__ABOUT THIS TASK__: The answer is the exact run of lines in the listing below from the line containing "And we've made" up to and including the line containing "I hope this", with pictures removed.

__DATA SUPPLIED__:

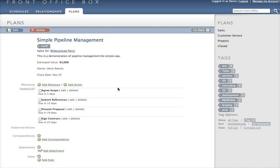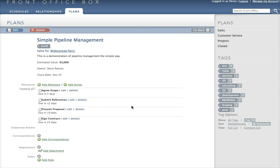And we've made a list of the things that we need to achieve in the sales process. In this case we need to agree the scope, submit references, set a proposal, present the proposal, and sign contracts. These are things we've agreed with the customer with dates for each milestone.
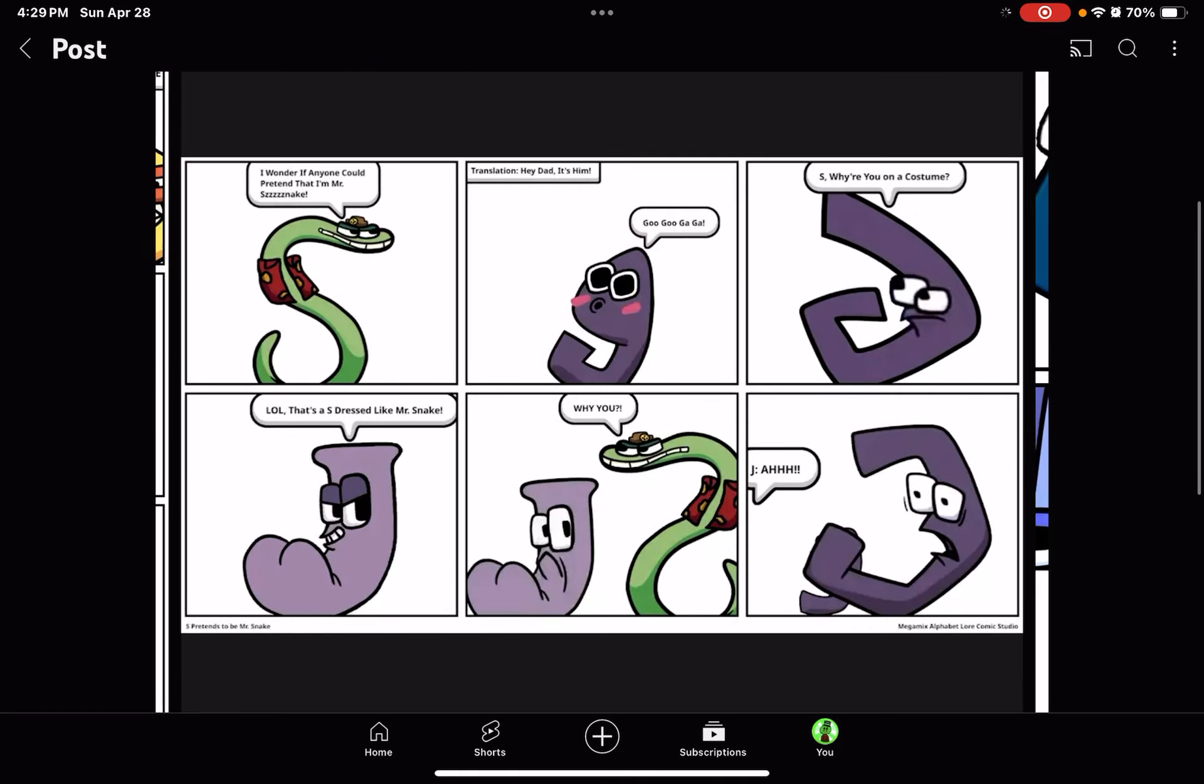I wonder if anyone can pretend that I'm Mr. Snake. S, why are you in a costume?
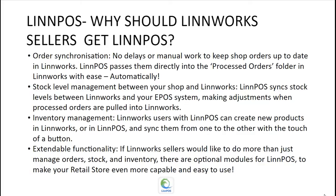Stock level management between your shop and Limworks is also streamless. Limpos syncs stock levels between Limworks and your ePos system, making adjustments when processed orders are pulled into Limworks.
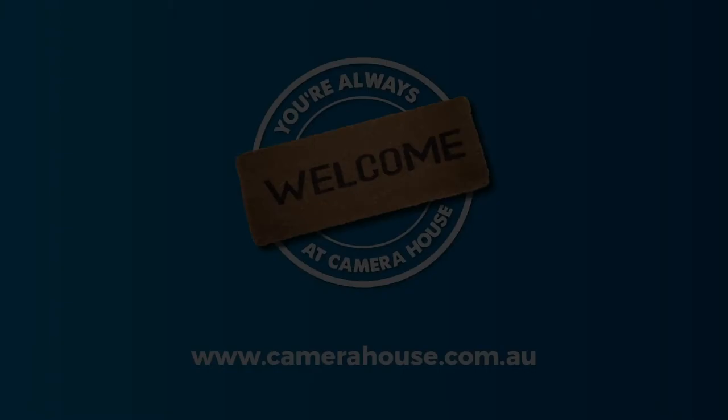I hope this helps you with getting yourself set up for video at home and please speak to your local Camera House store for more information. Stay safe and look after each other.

--

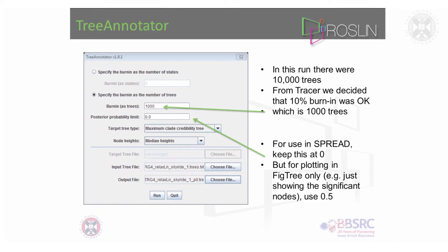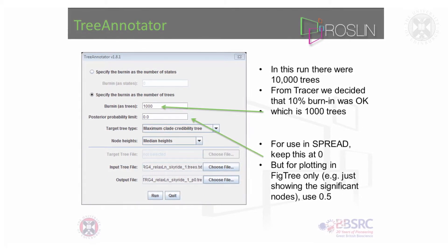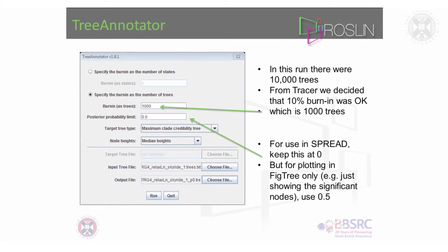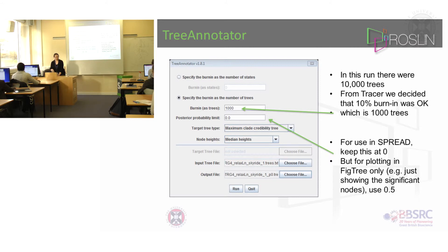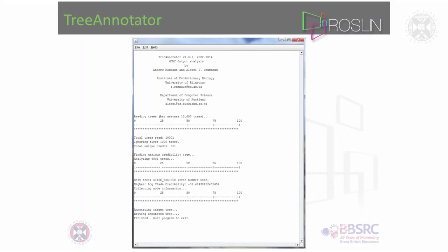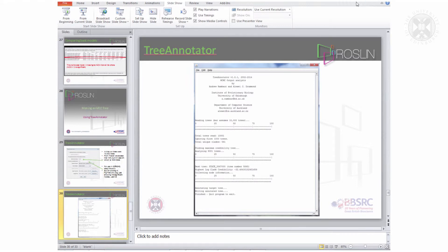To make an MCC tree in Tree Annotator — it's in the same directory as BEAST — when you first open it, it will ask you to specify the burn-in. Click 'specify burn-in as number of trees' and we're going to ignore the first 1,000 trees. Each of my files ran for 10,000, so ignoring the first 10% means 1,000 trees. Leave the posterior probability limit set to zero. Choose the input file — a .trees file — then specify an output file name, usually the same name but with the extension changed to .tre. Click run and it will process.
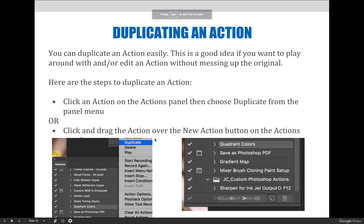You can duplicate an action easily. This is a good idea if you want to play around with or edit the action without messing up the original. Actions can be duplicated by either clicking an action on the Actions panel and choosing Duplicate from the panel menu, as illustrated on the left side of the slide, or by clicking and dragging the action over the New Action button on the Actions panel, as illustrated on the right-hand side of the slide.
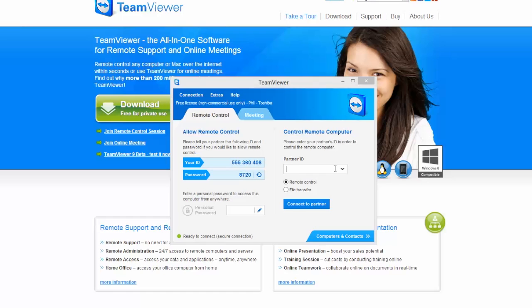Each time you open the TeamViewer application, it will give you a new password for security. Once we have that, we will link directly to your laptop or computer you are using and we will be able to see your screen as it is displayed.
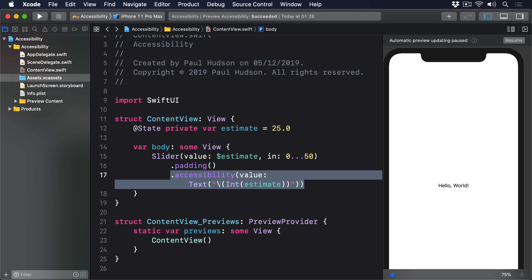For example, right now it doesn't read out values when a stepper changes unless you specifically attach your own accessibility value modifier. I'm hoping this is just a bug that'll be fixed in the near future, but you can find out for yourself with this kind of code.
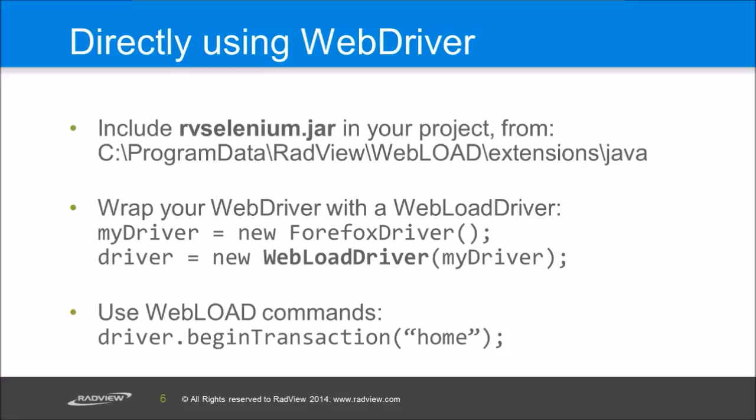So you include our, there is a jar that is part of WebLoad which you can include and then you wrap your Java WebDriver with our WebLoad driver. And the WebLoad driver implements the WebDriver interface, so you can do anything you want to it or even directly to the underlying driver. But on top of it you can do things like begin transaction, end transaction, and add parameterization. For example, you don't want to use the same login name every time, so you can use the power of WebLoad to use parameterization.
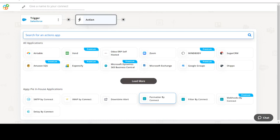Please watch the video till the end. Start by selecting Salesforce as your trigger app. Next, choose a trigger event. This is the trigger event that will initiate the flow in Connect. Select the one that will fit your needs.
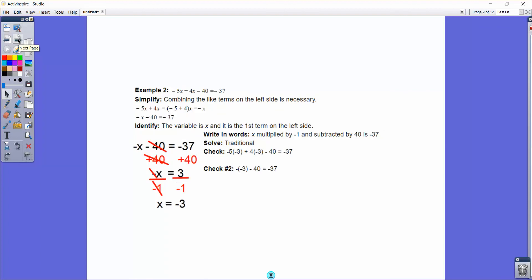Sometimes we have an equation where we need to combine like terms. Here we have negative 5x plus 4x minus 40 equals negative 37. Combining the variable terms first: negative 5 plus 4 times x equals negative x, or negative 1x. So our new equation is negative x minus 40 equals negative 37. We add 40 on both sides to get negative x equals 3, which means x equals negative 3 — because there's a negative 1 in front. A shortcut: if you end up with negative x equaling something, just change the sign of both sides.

__OUTPUT OF THE EXERCISE__:
And we've made a list of the things that we need to achieve in the sales process. In this case we need to agree the scope, submit references, set a proposal, present the proposal, and sign contracts. These are things we've agreed with the customer with dates for each milestone.
I wonder if anyone can pretend that I'm Mr. Snake. S, why are you in a costume?
Stock level management between your shop and Limworks is also streamless. Limpos syncs stock levels between Limworks and your ePos system, making adjustments when processed orders are pulled into Limworks.
I hope this helps you with getting yourself set up for video at home and please speak to your local Camera House store for more information. Stay safe and look after each other.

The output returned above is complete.